* **INFORMATION PROVIDED**:

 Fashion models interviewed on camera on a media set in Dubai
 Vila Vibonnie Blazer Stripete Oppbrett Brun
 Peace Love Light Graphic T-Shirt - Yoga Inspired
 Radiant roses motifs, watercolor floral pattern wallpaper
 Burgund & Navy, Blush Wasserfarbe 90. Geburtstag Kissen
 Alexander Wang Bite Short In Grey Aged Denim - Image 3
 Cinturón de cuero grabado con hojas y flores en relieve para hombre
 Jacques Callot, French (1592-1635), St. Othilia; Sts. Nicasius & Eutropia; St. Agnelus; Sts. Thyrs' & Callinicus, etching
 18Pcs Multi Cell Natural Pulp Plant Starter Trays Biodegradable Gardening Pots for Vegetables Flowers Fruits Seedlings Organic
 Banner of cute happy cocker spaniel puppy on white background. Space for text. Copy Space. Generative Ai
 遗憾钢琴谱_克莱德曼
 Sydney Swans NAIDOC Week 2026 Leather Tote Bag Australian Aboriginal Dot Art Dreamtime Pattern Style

* **WHAT THE TASK REQUIRES**: Please return exactly the lines from the one containing "Radiant roses motifs, watercolor" through the end of the entries above, adding no other line.

* **OUTPUT OF THE EXERCISE**:
 Radiant roses motifs, watercolor floral pattern wallpaper
 Burgund & Navy, Blush Wasserfarbe 90. Geburtstag Kissen
 Alexander Wang Bite Short In Grey Aged Denim - Image 3
 Cinturón de cuero grabado con hojas y flores en relieve para hombre
 Jacques Callot, French (1592-1635), St. Othilia; Sts. Nicasius & Eutropia; St. Agnelus; Sts. Thyrs' & Callinicus, etching
 18Pcs Multi Cell Natural Pulp Plant Starter Trays Biodegradable Gardening Pots for Vegetables Flowers Fruits Seedlings Organic
 Banner of cute happy cocker spaniel puppy on white background. Space for text. Copy Space. Generative Ai
 遗憾钢琴谱_克莱德曼
 Sydney Swans NAIDOC Week 2026 Leather Tote Bag Australian Aboriginal Dot Art Dreamtime Pattern Style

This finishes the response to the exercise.